Without pictures, repeat the lines of the entries from the one containing "2019 Crossroads Rv" through the last, both ends included, and nothing else.

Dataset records
========================================================================

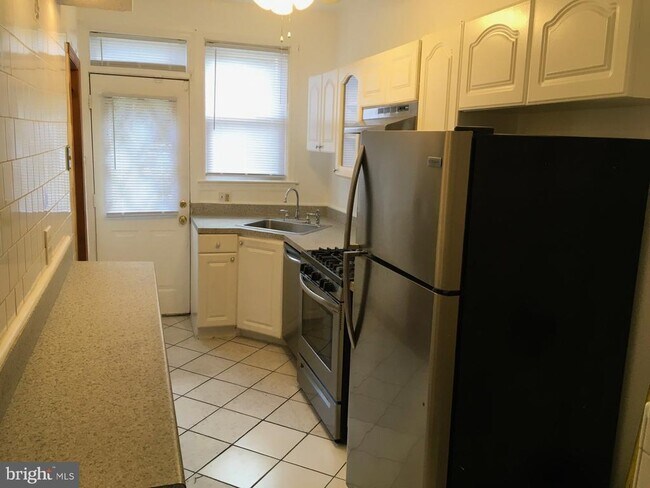 Building Photo - 2477 W Cold Spring Ln
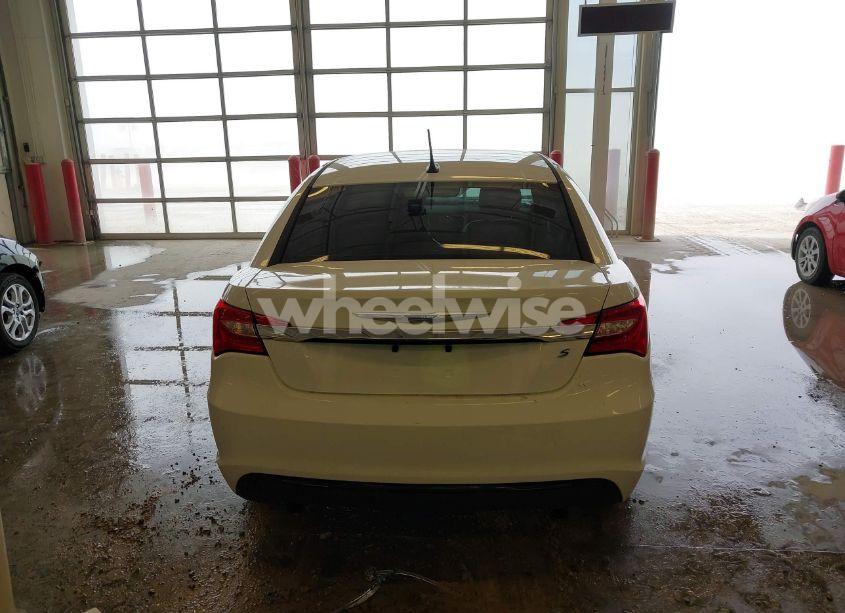 Photo 17 of 2012 Chrysler 200 S (VIN 1C3CCBHG1CN187732)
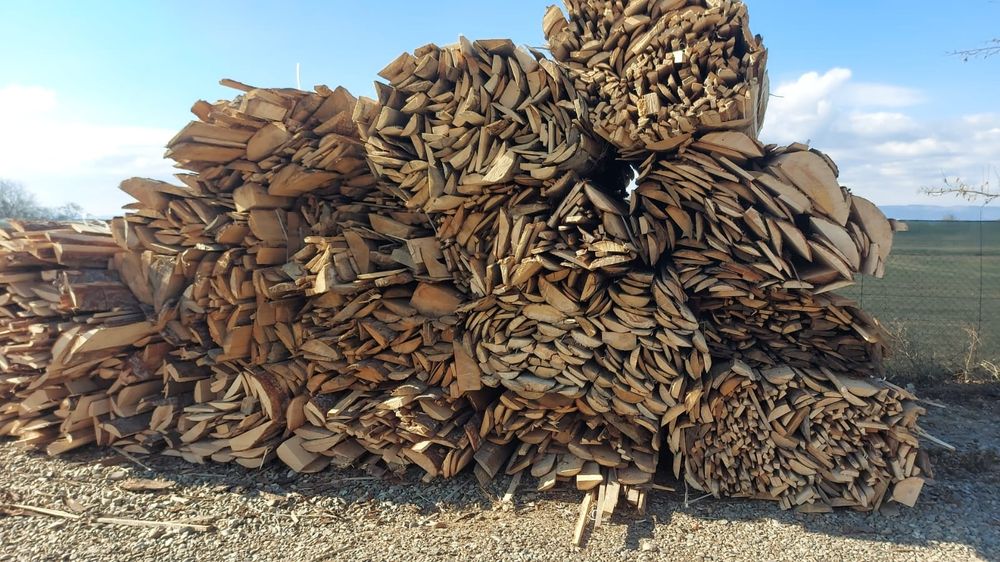 Lemne de foc  deseuri laturoaie rasinoase paleti mari bustean fag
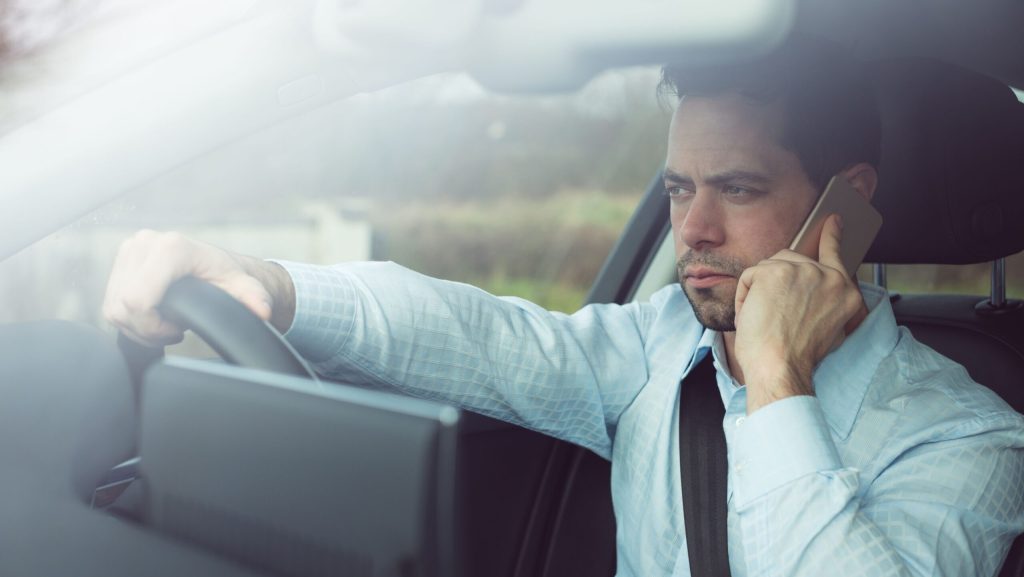 Controale masive ale Poliției Române: Peste 800 de mașini cu volan pe dreapta, verificate într-o singură zi Poliția Română a intensificat controalele la nivel național asupra autovehiculelor cu volan pe dreapta, în încercarea de a reduce numărul accidentelor rutiere și de a asigura respectarea legislației
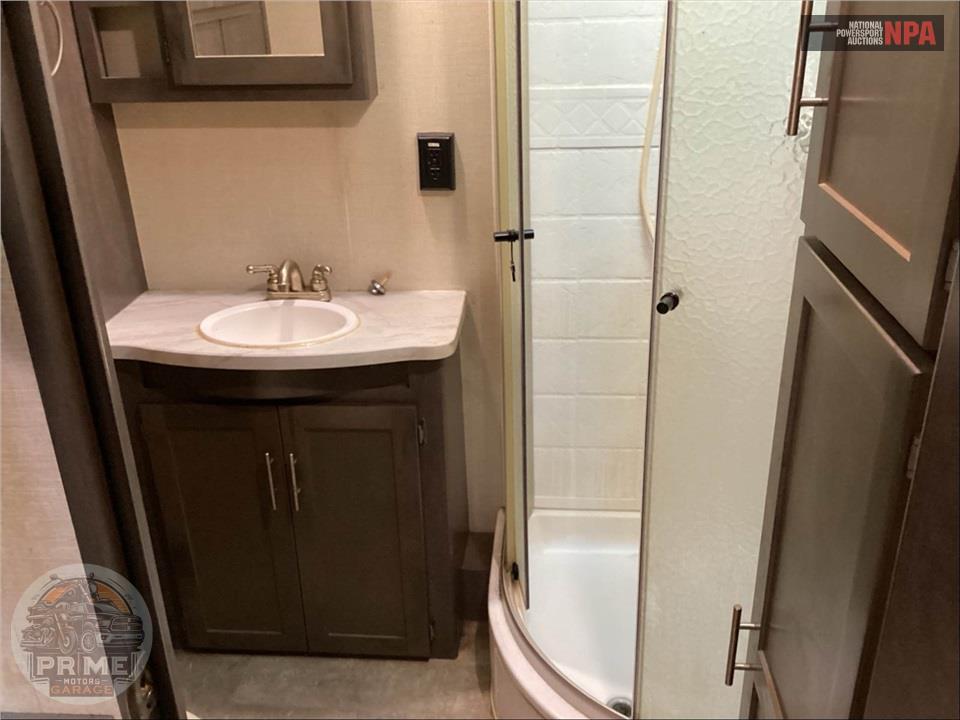 2019 Crossroads Rv M-253 RB - SUNSET TRAIL SUPER LITE SERIES — фото 15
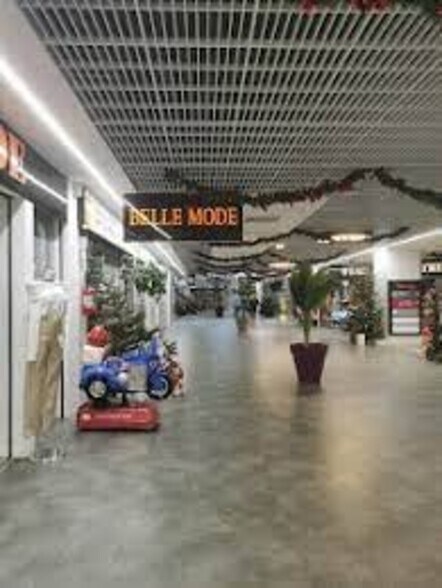 Retail in Belfort for sale - Building Photo - Image 1 of 5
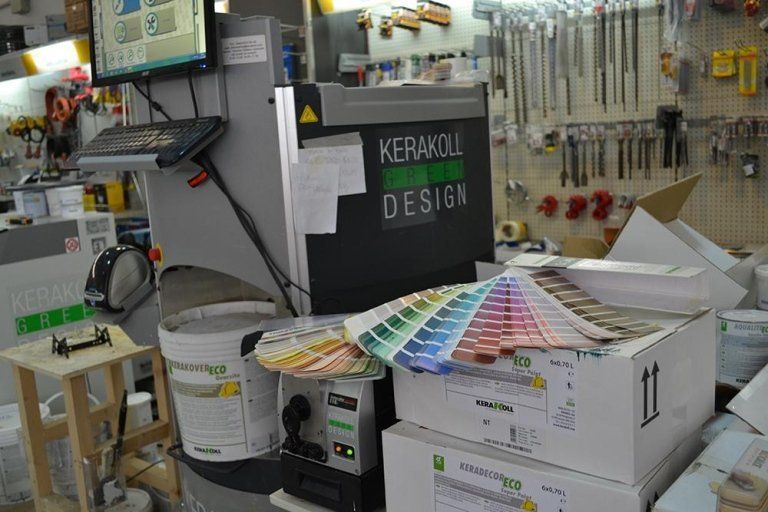 magazzino con tinte di idropitture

========================================================================

EXERCISE SOLUTION
 2019 Crossroads Rv M-253 RB - SUNSET TRAIL SUPER LITE SERIES — фото 15
 Retail in Belfort for sale - Building Photo - Image 1 of 5
 magazzino con tinte di idropitture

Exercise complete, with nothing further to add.